Sama dengan ketiga dokter itu, Agung juga memiliki hak untuk menolak dijadikan saksi meringankan. ”Penolakan itu kami terima,” ujarnya. Febri menjelaskan, sebelumnya juga pernah ada tersangka KPK yang mengajukan saksi meringankan dengan latar belakang tokoh populer. ”Dulu pernah ada saksi yang meminta presiden untuk menjadi saksi meringankan,” ungkapnya.

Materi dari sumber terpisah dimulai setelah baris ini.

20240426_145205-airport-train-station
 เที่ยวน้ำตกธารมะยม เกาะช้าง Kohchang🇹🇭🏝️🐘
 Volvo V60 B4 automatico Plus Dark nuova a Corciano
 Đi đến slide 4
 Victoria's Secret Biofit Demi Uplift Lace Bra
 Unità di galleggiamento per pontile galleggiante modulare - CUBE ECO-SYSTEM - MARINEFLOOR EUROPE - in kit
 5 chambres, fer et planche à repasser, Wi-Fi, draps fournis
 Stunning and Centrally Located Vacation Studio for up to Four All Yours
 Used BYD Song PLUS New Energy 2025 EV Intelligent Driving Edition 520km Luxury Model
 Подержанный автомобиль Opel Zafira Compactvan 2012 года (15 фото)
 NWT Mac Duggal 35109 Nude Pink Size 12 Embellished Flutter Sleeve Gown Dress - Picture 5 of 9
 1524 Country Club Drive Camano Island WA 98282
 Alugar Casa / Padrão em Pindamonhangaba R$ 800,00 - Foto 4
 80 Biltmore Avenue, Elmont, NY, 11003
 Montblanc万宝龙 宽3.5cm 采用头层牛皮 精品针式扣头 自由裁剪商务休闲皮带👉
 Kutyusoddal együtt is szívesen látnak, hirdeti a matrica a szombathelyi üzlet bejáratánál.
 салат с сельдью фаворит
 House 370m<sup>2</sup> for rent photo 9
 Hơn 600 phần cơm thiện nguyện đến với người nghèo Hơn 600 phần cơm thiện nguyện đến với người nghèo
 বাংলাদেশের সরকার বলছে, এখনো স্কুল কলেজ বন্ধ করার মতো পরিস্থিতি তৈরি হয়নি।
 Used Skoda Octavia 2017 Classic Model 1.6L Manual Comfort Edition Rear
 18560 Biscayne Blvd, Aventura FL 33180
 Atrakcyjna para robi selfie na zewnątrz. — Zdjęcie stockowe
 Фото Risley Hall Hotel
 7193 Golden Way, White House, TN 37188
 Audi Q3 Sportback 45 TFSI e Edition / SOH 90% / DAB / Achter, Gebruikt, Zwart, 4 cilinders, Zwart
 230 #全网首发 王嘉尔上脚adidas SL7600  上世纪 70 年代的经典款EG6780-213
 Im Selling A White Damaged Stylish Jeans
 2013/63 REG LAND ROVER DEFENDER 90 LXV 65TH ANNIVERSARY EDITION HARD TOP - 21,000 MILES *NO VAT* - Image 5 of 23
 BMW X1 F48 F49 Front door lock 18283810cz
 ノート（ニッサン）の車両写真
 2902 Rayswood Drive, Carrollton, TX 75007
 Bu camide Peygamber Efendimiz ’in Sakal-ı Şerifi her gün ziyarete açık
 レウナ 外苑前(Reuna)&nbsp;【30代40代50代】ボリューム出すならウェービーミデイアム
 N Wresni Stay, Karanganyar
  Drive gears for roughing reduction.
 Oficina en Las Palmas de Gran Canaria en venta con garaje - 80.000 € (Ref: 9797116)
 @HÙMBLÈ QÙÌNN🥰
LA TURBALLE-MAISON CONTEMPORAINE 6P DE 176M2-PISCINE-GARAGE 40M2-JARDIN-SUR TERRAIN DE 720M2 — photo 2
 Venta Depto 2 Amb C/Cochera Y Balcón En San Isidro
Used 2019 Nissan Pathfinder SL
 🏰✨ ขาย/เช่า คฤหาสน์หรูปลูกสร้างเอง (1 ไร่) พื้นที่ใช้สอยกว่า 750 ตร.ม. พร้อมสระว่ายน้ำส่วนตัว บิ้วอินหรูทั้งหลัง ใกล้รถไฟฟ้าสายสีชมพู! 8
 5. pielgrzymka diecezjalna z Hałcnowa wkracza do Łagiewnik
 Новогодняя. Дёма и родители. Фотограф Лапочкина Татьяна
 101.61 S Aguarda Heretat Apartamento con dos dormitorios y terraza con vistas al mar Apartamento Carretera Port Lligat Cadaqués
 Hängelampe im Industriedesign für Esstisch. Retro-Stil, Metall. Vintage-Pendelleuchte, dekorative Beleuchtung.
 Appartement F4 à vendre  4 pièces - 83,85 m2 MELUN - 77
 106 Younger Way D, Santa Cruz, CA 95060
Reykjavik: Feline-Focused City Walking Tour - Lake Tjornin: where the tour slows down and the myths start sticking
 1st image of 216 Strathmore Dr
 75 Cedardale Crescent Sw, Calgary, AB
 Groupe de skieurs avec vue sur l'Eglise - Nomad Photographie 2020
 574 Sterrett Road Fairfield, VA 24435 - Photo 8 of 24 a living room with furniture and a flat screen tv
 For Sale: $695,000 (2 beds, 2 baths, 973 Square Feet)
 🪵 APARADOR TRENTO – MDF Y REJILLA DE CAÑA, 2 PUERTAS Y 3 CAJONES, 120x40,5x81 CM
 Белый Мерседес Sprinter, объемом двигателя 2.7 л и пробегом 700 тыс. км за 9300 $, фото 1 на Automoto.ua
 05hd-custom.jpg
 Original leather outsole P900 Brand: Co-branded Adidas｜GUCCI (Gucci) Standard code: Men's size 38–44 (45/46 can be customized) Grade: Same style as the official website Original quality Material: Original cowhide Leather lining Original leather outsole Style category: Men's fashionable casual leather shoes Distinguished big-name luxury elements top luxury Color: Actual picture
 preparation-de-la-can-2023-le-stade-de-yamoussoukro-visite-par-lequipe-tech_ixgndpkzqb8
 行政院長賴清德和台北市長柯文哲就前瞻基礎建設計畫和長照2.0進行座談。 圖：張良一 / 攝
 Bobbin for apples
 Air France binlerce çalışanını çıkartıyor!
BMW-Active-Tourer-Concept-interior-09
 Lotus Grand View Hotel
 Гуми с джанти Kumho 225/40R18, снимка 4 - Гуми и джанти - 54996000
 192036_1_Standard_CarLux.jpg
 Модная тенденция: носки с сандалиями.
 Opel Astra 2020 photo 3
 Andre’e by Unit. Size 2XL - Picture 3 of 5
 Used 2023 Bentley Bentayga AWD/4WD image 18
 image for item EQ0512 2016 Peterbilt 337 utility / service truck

Di sisi lain, sidang pokok perkara kartu tanda penduduk elektronik (e-KTP) dengan terdakwa Setnov kemarin, jaksa penuntut KPK kembali menghadirkan saksi terkait transaksi jual beli mata uang asing yang dilakukan sejumlah perusahaan money changer dan pelaku bisnis lain. Mereka masih terkait dengan saksi yang dihadirkan pada sidang sebelumnya.

Saksi-saksi itu antara lain, Direktur PT Erakomp Infonusa Ferry Tan (48), Direktur PT Adireksa Buana Sakti Yasin Tanos (50), Direktur PT Raja Valuta Deni Wibowo (61), pegawai PT Panca Wisesa Adhika Wo Si Hai (48), dan Direktur PD Gunung Slamet Philip Widi Wijaya (76).

Sebagian saksi mengaku pernah melakukan transaksi dengan komisaris PT Berkah Langgeng Abadi (BLA) Juli Hira. Salah satunya, Ferry Tan. Perusahaan Ferry yang bergerak di bisnis perangkat komputer itu pernah membeli dolar AS atau transaksi valuta asing (valas) sebesar USD 239 ribu dari money changer milik Juli. ”Saya beli dolar untuk bayar ke supplier saya (di luar negeri, red),” ucapnya. (tyo)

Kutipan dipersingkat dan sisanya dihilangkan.